▶ **SUPPLIED MATERIAL**:
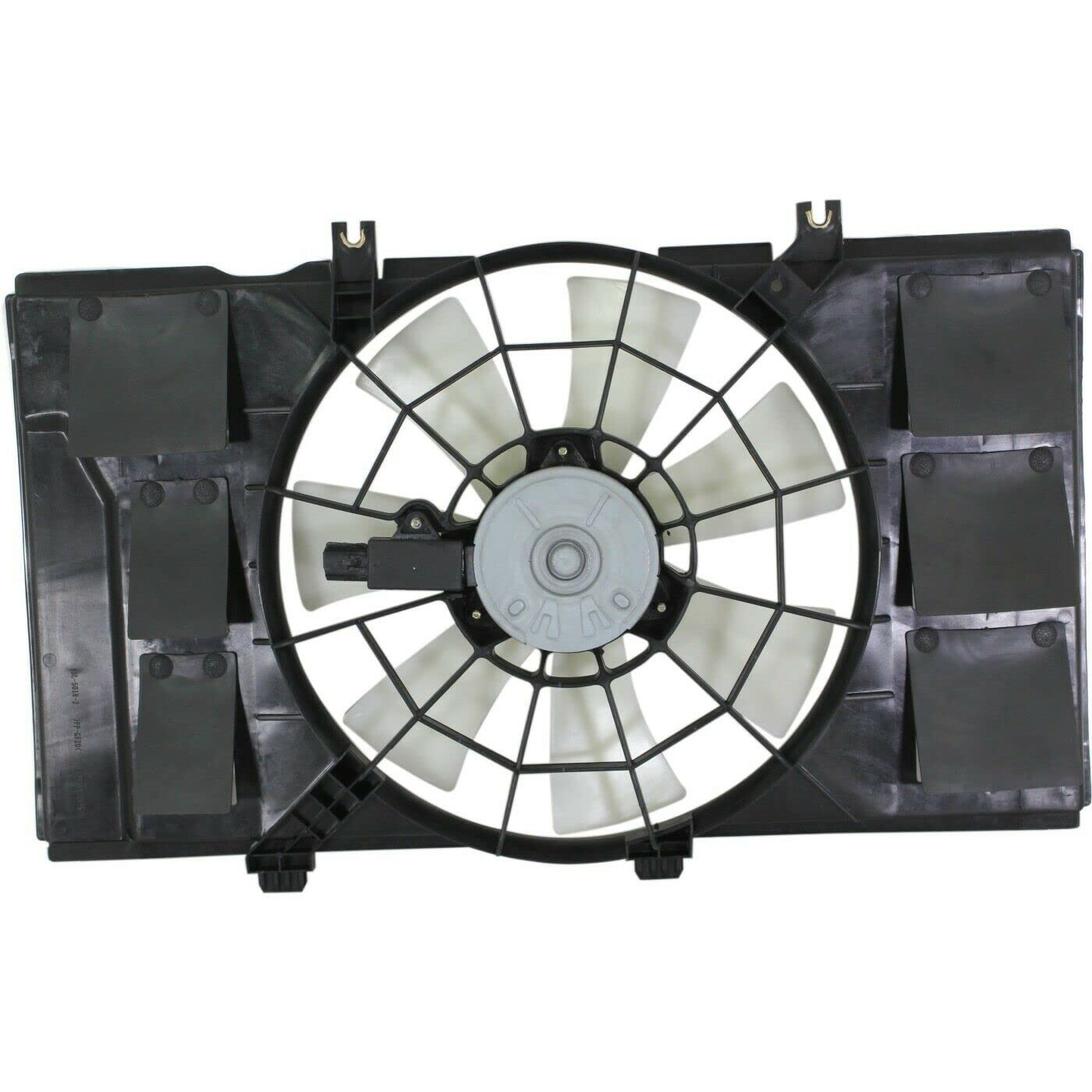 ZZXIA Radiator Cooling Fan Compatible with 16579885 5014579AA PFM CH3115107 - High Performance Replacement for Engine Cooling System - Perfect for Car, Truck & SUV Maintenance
...
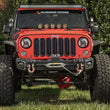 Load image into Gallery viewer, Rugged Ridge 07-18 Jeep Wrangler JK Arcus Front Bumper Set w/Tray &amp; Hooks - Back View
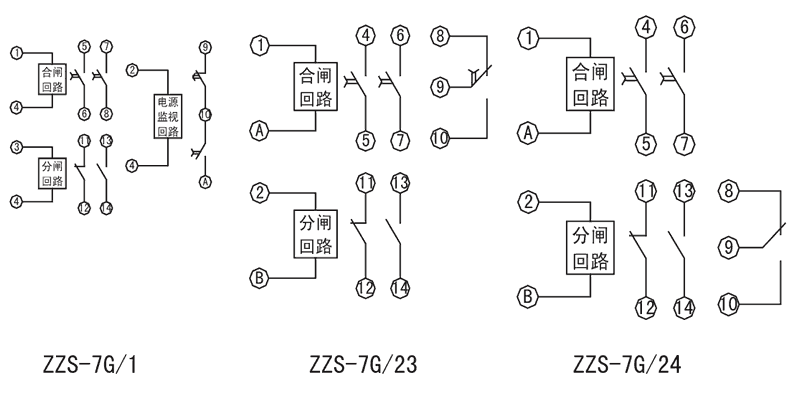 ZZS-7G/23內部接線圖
---
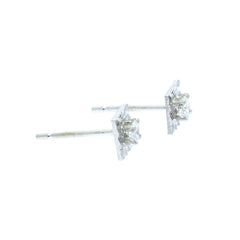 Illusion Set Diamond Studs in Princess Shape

▶ **WHAT IS BEING ASKED**:
Copy exactly the lines of the listing above between the one holding "Load image into" and the one holding "ZZS-7G/23內部接線圖", inclusive; omit all pictures.

▶ **RESULT OF THE TASK**:
 Load image into Gallery viewer, Rugged Ridge 07-18 Jeep Wrangler JK Arcus Front Bumper Set w/Tray &amp; Hooks - Back View
 ZZS-7G/23內部接線圖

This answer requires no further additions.